Only the pictures are to be dropped, and the rest of the data should be copied exactly.

Stored entries:
# # # # # # #

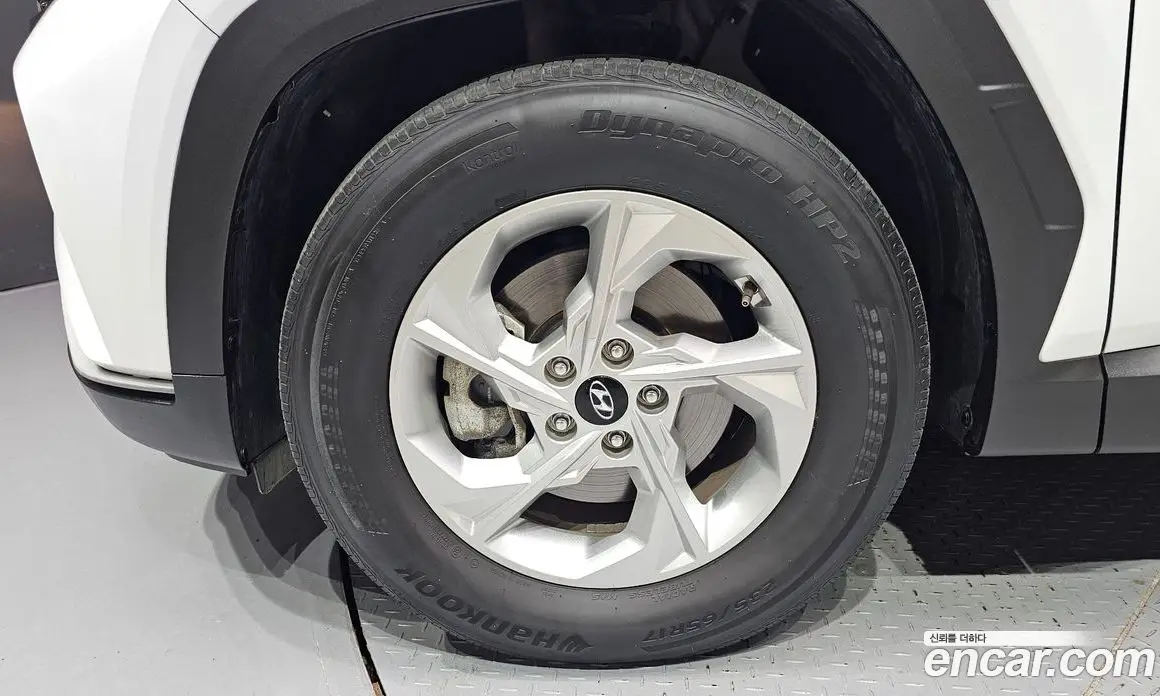 Hyundai Tucson 2022 1.6 автомат (гидро), фото 5
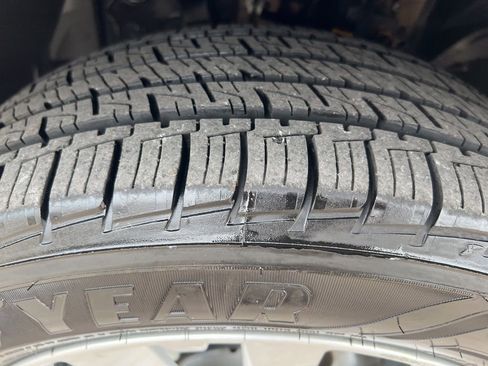 Used 2020 Nissan Rogue Sport SV w/ All-Weather Package image 46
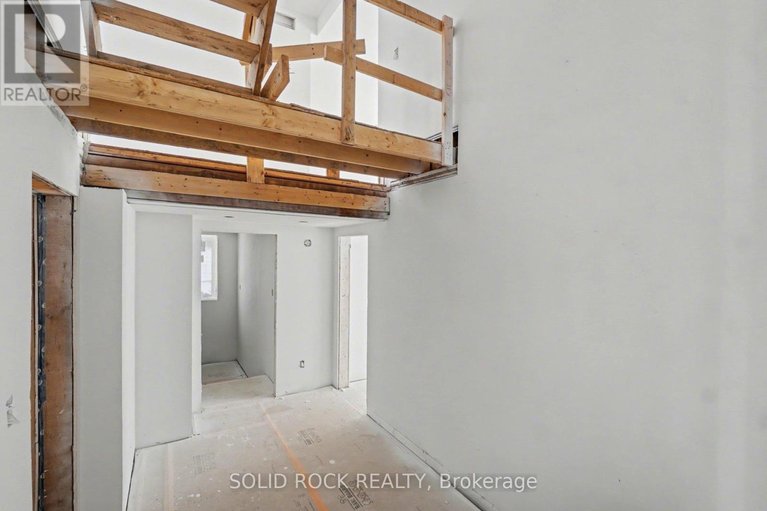 29669967/830-alpine-avenue/queensway-terrace-north/ottawa/ontario/K2B5R6_27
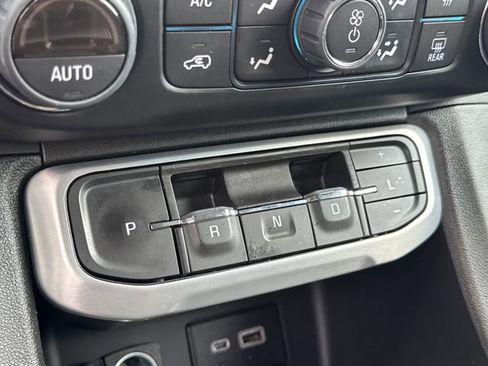 Used 2022 GMC Acadia SLE w/ Driver Convenience Package AWD/4WD image 16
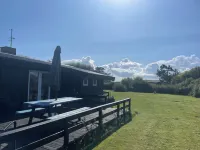 4-bedroom cabin in delightful Sjællands Odde 100m to the beach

# # # # # # #

* **Written reply**
 Hyundai Tucson 2022 1.6 автомат (гидро), фото 5
 Used 2020 Nissan Rogue Sport SV w/ All-Weather Package image 46
 29669967/830-alpine-avenue/queensway-terrace-north/ottawa/ontario/K2B5R6_27
 Used 2022 GMC Acadia SLE w/ Driver Convenience Package AWD/4WD image 16
 4-bedroom cabin in delightful Sjællands Odde 100m to the beach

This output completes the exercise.